Sultan of the Ottoman Empire (Claimant)
- Reign: 1373
- Opposing: Murad I
- Died: 1374
- Father: Murad I
- Mother: Unknown

= Savcı Bey =

Ottoman prince (died 1374)

Savcı Bey (died in 1374) was a prince who, with Andronikos, rebelled against both of their fathers, the Ottoman Sultan Murad I and the Byzantine Emperor John V Palaiologos, respectively, in the 1370s. Savcı was the youngest of Murad's three sons. The name of his mother and birth year are unknown. In Ottoman tradition, all princes (şehzade) were required to serve as provincial (sanjak) governors as a part of their training. Savcı's sanjak was Bursa, the co-capital of the empire (along with Edirne).

== Rebellion ==

When Ottoman Turks captured Edirne (Adrianopolis), Byzantine emperor John V Palaiologos appealed to the West for help. Instead, he was detained as a debtor in Venice. Andronikos (later Andronikos IV Palaiologos), his son and regent in Constantinople (modern Istanbul, Turkey), refused to pay the ransom for his father, and John had to give up the island Tenedos (modern Bozcaada, Turkey) to buy his freedom. After that event, John assigned his younger son Manuel (later Manuel II Palaiologos) as his crown prince and accepted the suzerainty of Ottomans in 1373. Thus, when the Ottoman sultan asked for his services against some rebellions in Ottoman lands, he had to leave his capital. This absence gave Andronikos a chance to rebel.

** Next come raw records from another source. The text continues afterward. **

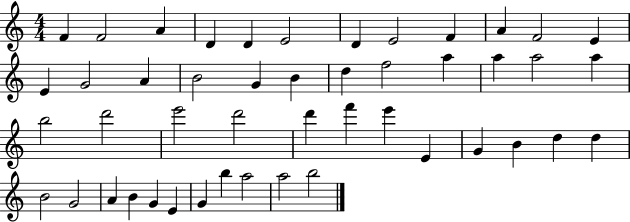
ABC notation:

X:1
T:Untitled
M:4/4
L:1/4
K:C
F F2 A D D E2 D E2 F A F2 E E G2 A B2 G B d f2 a a a2 a b2 d'2 e'2 d'2 d' f' e' E G B d d B2 G2 A B G E G b a2 a2 b2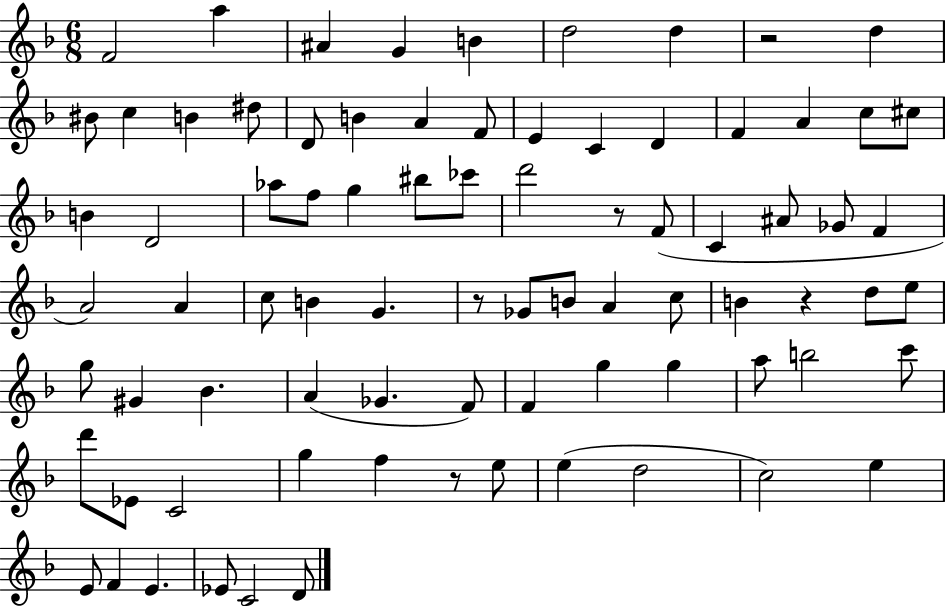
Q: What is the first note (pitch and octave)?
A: F4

On the Ottoman side, Savcı Bey, who was the youngest of three brothers, saw that under the shadow of his older brothers, he had almost no chance to be enthroned in the future and faced a probable death under the traditional policy of fratricide in Ottoman succession. (This fear was not unreasonable; later when Murad I died older brother Bayezid I immediately killed the other brother Prince Yakup). He prepared to rebel to gain the post. While his father was occupied with suppressing the rebellions, Savcı saw his chance to revolt. Using the royal treasury under his disposal, he formed an army. The two rebellious princes, well aware of one another's interests, decided to collaborate and combined their forces.

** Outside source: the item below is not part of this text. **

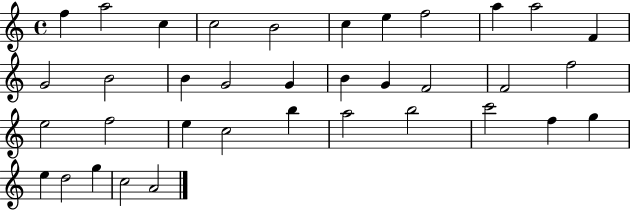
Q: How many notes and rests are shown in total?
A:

== End of the rebellion ==
After learning about their sons' joint rebellion, Murat and John returned from Anatolia. The armies of the fathers and the sons met in Apikridion (an ambiguous location probably southwest of Constantinople), where Murat persuaded Savcı's soldiers to switch sides. Although the princes escaped to Didymoteicho (in modern Greece), they soon surrendered. After a short exchange, enraged Murat blinded Savcı. However, he changed his mind and had him executed. Although he asked John V to also blind his son, John was more merciful towards Andronikos and only blinded him in one eye. Andronikos went on to become the Byzantine emperor as Andronikos IV Palaiologos.

== Aftermath ==
Savcı's son, Davud Murad, was fled to Hungary. His name was mentioned in 1411 (during the Ottoman Interregnum) as an unsuccessful candidate to Ottoman throne and much later as an ally of John Hunyadi in his struggles against the Ottoman Empire.